Cadman Tim, Slofstra Mariska K, van der Geest Marije A, Avraam Demetris, Bishop Tom R P, de Boer Tommy, Duijts Liesbeth, Haakma Sido, Hyde Eleanor, Jaddoe Vincent, Karramass Tarik, Kelpin Fleur, Marcon Yannick, Pinot de Moira Angela, Postma Dick, Tolboom Clemens, Veenstra Ruben L, Wheater Stuart, Welten Marieke, Wilson Rebecca C, Zwart Erik, Swertz Morris
Department of Genetics, Genomics Coordination Center, University Medical Center Groningen, University of Groningen, Groningen, 9700 RB, The Netherlands.
Department of Public Health, University of Copenhagen, Copenhagen, 1353, Denmark.
Bioinformatics. 2024 Dec 26;41(1). doi: 10.1093/bioinformatics/btae726.

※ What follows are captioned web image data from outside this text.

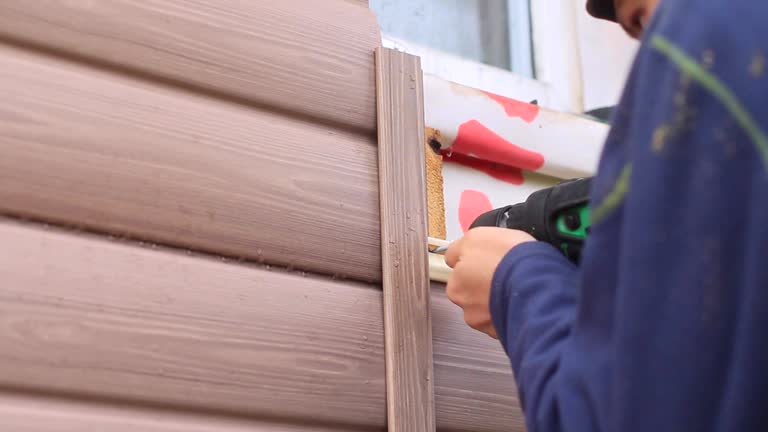 How To Choose The Right Materials for Your Siding Installation in 'Krum, TX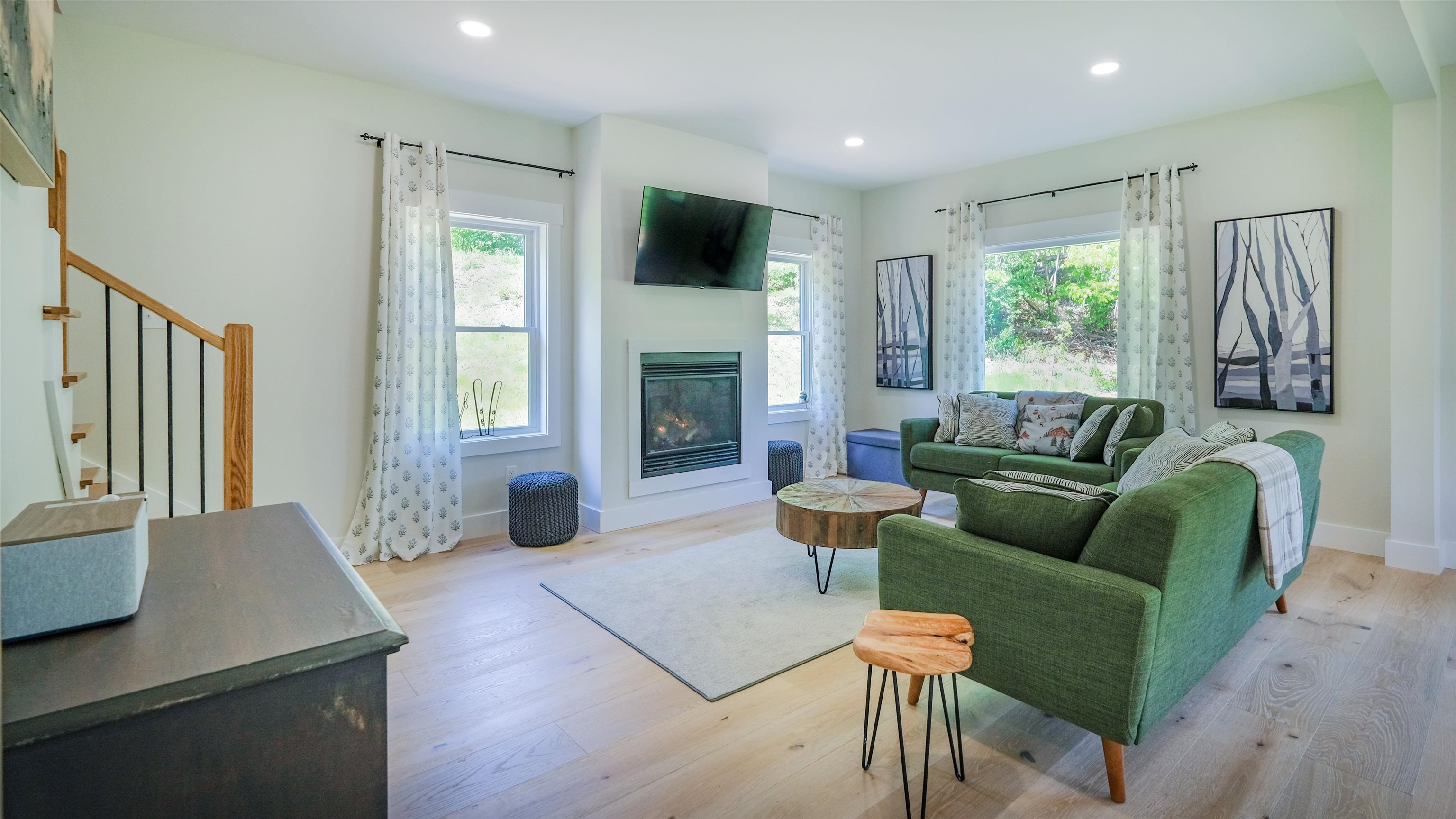 Corner living room 25416851
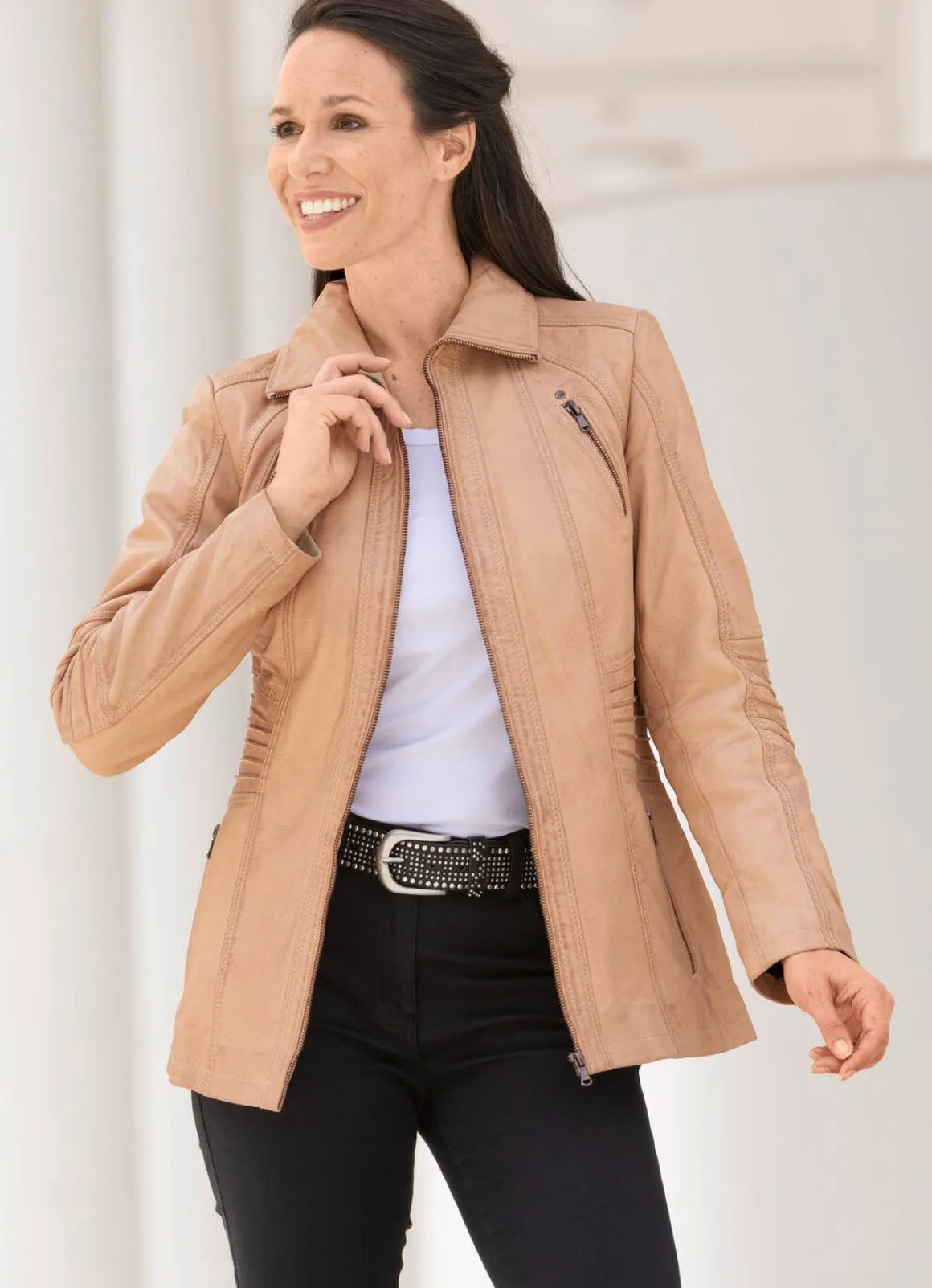 Lederkurzjacke mit Steh-Umlegekragen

Extensive human health data from cohort studies, national registries, and biobanks can reveal lifecourse risk factors impacting health. Combining these sources offers increased statistical power, rare outcome detection, replication of findings, and extended study periods. Traditionally, this required data transfer to a central location or separate partner analyses with pooled summary statistics, posing ethical, legal, and time constraints. Federated analysis-which involves remote data analysis without sharing individual-level data-is a promising alternative. One promising solution is DataSHIELD (https://datashield.org/), an open-source R based implementation. To enable federated analysis, data owners need a user-friendly way to install the federated infrastructure and manage users and data. Here, we present MOLGENIS Armadillo: a lightweight server for federated analysis solutions such as DataSHIELD.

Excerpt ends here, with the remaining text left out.